Washington Fajardo: Yes, this project is now ready and it will be completed. The Olympic pool will be moved to another state, the handball venues will be converted into municipal schools in four already defined zones, etc. But this is a laboratory. As a matter of fact, I believe it’s a solution for the organization of the Games and I hope the Olympic Committee will pay attention to this. It’s an innovation put forward by Rio! In London, the main stadium was supposed to be scaled down but that will not happen in the end. The initial principle was the same but it was abandoned. I think it’s an interesting vision—we can think of the Olympic Games as we do a circus or a ship: it arrives, docks, and is set up like a marquee. It’s an ideal scenario, which is environmentally friendly and makes it possible to realize the Olympic ideal of the encounter of cultures. That’s the great objective. But note that this is another vision of urban planning, based on the possibility of more fluid architectures, with more audacious spaces, which aren’t meant to last. I think that the construction of a building which is destined to last, to have a long service life, is an important decision. We need to produce an architecture which is more centered on citizens.

Roberto Cabot: It’s fascinating to consider the need for an architecture in the classical sense, conceived ad aeternum as the Greeks did. The temple was supposed to be eternal. We aren’t building for gods anymore but for a world which is constantly changing.

Washington Fajardo: Yes, that provides another perspective and I think it’s a real challenge. We can use the now trendy term of sustainable development but few people think and talk about the biological dimension of territories. Urban densification is very important at an economic level but I don’t know if I would like to live in Hong Kong during a flu epidemic. The other key challenge is how to supply these high-density areas with fresh food.

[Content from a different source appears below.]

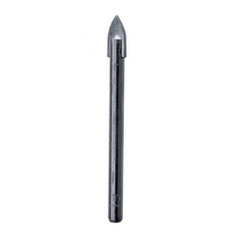 Mũi khoan kính 4.0x65mm Makita D-25127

Roberto Cabot: That is interesting: Copacabana and Hong Kong have similar issues, don’t they?

Washington Fajardo: Yes. They are high-density cities. To come back to the subject of active urban citizenship, we can imagine that these cities will develop farms or, in other terms, forms of transient and biological architecture with a limited impact on the environment. This could lead them to becoming embedded in an ecozone. From a biological standpoint, high-rise buildings will make it possible to conceive a city as an ecozone. Cities will thus be more livable for individuals and for humanity as a whole.